Divorcer sans argent : quelles aides et quelle procédure choisir ?
Comment divorcer sans argent en 2026 ? Aide juridictionnelle, barèmes de revenus, procédures accessibles : guide pratique pour divorcer même

Oui, il est possible de divorcer sans argent en 2026 grâce à l'aide juridictionnelle. Ce dispositif de l'État prend en charge totalement ou partiellement les frais d'avocat et de justice selon vos revenus. Le choix d'une procédure par consentement mutuel peut également réduire significativement les coûts engagés.
Savoir comment divorcer sans argent est une préoccupation majeure pour de nombreuses personnes. En 2026, il est tout à fait possible d'engager une procédure de divorce même avec des revenus très limités grâce au dispositif de l'aide juridictionnelle. Cette aide de l'État permet une prise en charge totale ou partielle des honoraires d'avocat et des frais de justice. Combinée au choix d'une procédure adaptée, comme le consentement mutuel, elle rend le divorce accessible. Ce guide détaille les conditions, les démarches et les aides disponibles.
Divorcer sans argent : est-ce vraiment possible ?
Oui, il est tout à fait possible d'engager une procédure de divorce en France même sans ressources financières suffisantes.
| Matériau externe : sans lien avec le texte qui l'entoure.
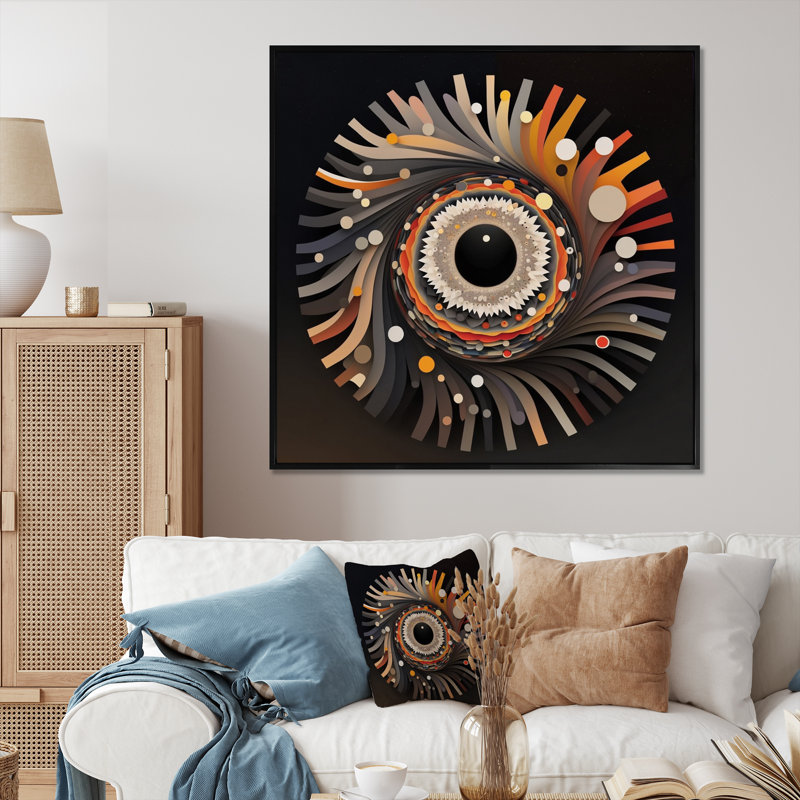 Œil de la Conscience rétro sur toile, Cadre flottant noir, H 30 po x l 30 po x P 1 po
L'idée d'une justice inaccessible aux plus démunis est un frein psychologique important, mais le droit français a prévu des mécanismes de solidarité pour garantir l'accès au juge. Le principal outil est l'aide juridictionnelle (AJ), qui permet à l'État de prendre en charge les frais de procédure et les honoraires des professionnels du droit (avocat, notaire, huissier de justice) pour les personnes disposant de faibles revenus. Cette aide peut être totale ou partielle.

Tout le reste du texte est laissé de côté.